アルプ・ヴァルマーラからはタスナ谷の出口に向かい、川に沿って下り返して行こう。道は川の右岸、左岸 ※注 の両方についており、好きな方を歩けばよい。途中には何箇所か橋もかかっている。道がよく整備されて歩きやすいのは左岸のほうだが、車をどこかに停めて少し歩こうという犬連れの人やマウンテンバイクの往来が多く、落ち着かない。ここでは右岸のアルデッツ Ardez 寄りを歩くことにする。 途中いくつか分岐があるが、標識で"Ardez"の文字を確認しながら行こう。
道はしばらく明るいアルプと針葉樹の疎林をかわるがわる抜けて行く。このへんはアルプ・ヴァルマーラや、少し上のアルプ・タスナの放牧地になっており、牛や羊の群れが草をはむ姿がいかにものどかだ。この辺りに限ったことではないが、スイスでは普段登山道と放牧地を区切ったりすることはあまりないので(人がやたらと多いベルナー・オーバーラントあたりは別)、しばしば牛の群れが登山道をふさいでいることがある。普通はなんということはないが、仔を連れた母牛は雄叫びを張り上げ、登山者に威嚇の姿勢をとることがあるので、驚かさないように気をつけよう。

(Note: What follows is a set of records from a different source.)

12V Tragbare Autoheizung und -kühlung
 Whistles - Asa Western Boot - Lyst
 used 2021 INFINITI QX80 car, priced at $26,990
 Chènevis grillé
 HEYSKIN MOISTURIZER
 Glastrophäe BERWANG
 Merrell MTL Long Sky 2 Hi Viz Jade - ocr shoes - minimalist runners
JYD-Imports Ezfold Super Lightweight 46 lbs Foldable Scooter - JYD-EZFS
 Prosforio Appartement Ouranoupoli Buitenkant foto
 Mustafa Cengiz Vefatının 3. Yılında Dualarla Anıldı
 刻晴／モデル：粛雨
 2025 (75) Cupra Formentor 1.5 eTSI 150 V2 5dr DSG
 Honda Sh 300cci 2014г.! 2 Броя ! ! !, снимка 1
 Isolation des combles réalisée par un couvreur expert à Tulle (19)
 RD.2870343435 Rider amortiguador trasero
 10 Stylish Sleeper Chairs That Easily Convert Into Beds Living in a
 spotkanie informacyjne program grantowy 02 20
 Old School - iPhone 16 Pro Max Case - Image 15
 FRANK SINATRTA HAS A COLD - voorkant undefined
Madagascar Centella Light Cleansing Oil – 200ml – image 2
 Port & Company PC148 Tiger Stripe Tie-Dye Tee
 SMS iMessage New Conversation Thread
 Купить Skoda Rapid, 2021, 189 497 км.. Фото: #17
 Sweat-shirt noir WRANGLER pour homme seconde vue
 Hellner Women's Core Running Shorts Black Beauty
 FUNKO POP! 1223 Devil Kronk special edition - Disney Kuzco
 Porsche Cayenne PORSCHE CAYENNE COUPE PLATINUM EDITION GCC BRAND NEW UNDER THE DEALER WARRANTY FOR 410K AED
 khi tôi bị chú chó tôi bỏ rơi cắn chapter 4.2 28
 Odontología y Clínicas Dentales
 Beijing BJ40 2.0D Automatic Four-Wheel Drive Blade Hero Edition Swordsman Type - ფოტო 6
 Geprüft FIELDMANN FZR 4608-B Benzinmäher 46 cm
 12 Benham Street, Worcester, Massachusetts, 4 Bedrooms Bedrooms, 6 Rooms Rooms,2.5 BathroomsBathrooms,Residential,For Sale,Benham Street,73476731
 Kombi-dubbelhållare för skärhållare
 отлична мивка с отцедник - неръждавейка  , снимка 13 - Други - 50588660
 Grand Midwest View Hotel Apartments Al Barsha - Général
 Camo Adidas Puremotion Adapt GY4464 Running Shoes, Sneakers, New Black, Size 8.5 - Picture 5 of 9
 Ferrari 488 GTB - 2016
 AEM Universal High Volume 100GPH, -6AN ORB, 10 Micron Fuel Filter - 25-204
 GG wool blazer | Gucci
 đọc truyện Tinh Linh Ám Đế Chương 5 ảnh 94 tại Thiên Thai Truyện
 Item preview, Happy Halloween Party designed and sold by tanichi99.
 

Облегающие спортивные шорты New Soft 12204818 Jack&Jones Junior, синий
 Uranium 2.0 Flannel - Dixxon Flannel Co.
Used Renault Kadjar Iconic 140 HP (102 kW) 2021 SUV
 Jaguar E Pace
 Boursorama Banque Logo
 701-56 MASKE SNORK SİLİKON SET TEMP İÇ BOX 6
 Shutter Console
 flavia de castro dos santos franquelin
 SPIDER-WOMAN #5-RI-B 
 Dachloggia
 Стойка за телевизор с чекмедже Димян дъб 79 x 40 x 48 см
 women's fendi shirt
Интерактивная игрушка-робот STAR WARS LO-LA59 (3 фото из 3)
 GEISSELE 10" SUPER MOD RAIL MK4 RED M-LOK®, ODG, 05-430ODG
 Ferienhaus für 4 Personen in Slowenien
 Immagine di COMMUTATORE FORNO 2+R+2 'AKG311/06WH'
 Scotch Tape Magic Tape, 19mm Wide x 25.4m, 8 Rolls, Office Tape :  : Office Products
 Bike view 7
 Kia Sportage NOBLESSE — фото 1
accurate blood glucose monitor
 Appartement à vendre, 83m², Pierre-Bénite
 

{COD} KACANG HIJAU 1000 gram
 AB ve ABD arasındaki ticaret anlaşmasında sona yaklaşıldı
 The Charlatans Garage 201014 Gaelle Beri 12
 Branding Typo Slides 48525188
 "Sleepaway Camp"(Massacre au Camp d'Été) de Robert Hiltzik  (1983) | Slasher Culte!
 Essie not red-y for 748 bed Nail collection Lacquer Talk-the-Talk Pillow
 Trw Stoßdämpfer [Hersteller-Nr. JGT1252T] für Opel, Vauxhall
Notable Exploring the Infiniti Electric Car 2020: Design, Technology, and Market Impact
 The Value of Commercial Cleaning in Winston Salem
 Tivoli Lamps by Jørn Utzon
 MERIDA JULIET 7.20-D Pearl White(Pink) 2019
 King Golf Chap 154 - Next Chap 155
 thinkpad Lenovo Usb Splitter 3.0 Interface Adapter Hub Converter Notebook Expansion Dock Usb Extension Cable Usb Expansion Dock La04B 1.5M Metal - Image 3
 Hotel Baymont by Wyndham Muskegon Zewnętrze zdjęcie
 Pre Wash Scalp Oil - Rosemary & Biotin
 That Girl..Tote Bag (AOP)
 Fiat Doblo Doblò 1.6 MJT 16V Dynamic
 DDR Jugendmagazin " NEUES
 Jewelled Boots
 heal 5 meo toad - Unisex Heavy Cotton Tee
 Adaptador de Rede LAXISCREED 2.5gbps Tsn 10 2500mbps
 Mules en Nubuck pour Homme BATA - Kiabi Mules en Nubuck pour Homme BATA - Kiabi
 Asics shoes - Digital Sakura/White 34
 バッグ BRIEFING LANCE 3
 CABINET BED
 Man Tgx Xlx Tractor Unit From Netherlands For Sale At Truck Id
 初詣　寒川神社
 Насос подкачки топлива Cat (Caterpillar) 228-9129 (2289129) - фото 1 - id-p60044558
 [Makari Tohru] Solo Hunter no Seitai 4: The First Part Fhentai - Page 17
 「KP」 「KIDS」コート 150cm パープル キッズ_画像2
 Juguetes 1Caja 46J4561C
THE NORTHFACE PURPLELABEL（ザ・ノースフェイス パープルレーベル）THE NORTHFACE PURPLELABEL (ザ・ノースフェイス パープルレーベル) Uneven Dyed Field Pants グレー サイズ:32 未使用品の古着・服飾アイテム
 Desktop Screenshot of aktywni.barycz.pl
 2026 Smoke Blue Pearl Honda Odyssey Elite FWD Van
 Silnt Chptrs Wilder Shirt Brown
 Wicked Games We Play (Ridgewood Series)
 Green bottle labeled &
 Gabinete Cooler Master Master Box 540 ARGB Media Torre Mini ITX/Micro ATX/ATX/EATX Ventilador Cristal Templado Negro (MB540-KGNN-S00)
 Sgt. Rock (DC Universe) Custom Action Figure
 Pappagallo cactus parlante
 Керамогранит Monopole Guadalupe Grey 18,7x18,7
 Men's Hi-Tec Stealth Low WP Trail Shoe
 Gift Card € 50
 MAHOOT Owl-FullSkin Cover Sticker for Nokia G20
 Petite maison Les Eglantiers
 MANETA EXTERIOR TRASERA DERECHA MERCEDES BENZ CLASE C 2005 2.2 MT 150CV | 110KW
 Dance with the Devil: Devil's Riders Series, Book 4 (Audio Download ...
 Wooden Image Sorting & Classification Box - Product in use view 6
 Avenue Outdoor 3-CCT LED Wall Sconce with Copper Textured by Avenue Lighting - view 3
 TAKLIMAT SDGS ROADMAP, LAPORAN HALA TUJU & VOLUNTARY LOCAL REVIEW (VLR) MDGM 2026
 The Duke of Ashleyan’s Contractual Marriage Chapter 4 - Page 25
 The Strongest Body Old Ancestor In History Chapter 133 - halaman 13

やがて周囲は次第に深い針葉樹林に入り、タスナ川の流れのすぐそばを歩くようになる。川は水量豊かで幅があり、水が光を反映するおかげで針葉樹林の印象を明るいものにしている。また、このタスナ谷は雪崩が多いようで、谷底まで押し出された雪が川をまたぎ、あちこちに巨大なスノーブリッジを作っている。これはかなり遅い時期まで残る年もあるそうで、なかなか豪快な眺めだ(スノーブリッジの下に入りこむなどという蛮行は絶対にしないように!)。とにかく進むごとにいろいろな景色があらわれる。
アルプ・ヴァルマーラから歩くこと1時間以上、いくら何でも風景に飽きてきたころ、アルデッツとフタンの集落を結ぶ舗装道路が見えてタスナ谷の出口に到着する。舗装道路を避け、川から離れて山道を少々登って行くと、森が途切れて再び広大なイン川の谷が目の前にあらわれる。気分爽快なことこの上ない。小高い丘のような地形になった山の鼻を曲がると、すぐに廃虚となった小城址があり、そこを過ぎると眼下に小さな山城を持つアルデッツの村が見えて来る。あとは村まで牧草地の中の道を標高差200mばかり一気に下り、エンガディンふうにスグラフィットを施した家屋が連なる鄙びた村落を通り抜ければ、レーティシュ鉄道のアルデッツ駅だ。